The seven initiatives chosen were aging, behavioral health and neuroscience; artificial intelligence, deep learning, autonomous systems and policy; big data and data analytics; bio-enabled science and technology; energy and environment; innovation and entrepreneurship; and social differences, social justice.

Raina said faculty submitted possible initiatives to deans, then worked across colleges to form a formal proposal, which was then submitted to SU and presented to the committee. Liu said more than 200 faculty members coordinated to submit 19 proposals.

He said there will be more cluster hires and the next round of proposals will begin soon.

David Van Slyke, dean of the Maxwell School of Citizenship and Public Affairs, said he is excited for the change cluster hiring will bring.

“What a wonderful way to bring people from different schools and different disciplines to talk about the types of complex issues facing not only our country, but our world,” he said.

Van Slyke said Maxwell will make three hires, each in a separate cluster. The new Maxwell faculty will research aging, behavioral health and neuroscience; artificial intelligence, deep learning, autonomous systems and policy; and energy and environment.

School of Education Dean Joanna Masingila said the school was involved in the aging, behavioral health and neuroscience cluster. The Cluster Hires Initiative will promote synergy across faculty throughout the university, she said.

The S.I. Newhouse School of Public Communications is bringing in one hire.

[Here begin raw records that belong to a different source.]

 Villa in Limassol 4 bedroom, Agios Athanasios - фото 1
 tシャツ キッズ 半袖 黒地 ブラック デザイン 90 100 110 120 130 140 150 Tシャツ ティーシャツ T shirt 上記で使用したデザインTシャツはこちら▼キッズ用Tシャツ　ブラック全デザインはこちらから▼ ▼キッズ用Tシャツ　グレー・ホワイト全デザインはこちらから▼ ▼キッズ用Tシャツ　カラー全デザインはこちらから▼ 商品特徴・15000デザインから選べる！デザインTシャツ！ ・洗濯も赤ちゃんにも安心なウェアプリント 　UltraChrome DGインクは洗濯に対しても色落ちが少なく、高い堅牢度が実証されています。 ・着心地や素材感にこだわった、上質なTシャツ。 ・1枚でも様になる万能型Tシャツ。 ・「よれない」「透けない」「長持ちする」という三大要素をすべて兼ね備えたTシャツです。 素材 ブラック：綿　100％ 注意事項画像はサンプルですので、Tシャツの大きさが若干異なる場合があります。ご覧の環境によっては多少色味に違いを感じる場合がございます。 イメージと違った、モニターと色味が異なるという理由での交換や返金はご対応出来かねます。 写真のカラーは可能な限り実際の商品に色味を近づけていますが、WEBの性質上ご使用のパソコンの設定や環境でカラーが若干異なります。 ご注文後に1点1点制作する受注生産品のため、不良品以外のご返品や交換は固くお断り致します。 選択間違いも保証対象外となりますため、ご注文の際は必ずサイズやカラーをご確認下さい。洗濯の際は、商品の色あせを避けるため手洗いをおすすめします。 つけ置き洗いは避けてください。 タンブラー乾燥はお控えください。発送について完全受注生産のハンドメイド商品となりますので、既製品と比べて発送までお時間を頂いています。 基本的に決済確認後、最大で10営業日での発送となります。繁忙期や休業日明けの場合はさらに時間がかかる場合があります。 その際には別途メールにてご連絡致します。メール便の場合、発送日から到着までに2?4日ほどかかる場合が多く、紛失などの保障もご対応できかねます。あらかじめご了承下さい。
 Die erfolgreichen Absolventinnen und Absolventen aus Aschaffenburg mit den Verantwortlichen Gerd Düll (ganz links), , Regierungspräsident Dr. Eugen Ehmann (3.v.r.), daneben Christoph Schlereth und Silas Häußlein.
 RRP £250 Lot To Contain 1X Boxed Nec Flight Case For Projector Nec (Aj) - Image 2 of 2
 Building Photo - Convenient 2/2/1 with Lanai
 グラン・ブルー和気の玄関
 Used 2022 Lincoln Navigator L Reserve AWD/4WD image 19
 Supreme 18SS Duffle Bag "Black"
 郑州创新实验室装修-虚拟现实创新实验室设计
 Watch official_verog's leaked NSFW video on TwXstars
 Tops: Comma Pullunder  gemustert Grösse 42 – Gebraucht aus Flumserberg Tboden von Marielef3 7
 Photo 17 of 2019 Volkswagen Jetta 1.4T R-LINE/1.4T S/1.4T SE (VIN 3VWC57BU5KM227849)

Hub Brown, associate dean for research, creativity, international initiatives and diversity at Newhouse, said even if a hire doesn’t directly affect a specific school, they will bolster research throughout the university so that it remains a leading research institution, which he called “vitally important.”

“You’re bringing in people who already know that there are other people on campus who want to collaborate with them,” Masingila said. “There’s kind of a natural structure that’s put in place with this cluster.”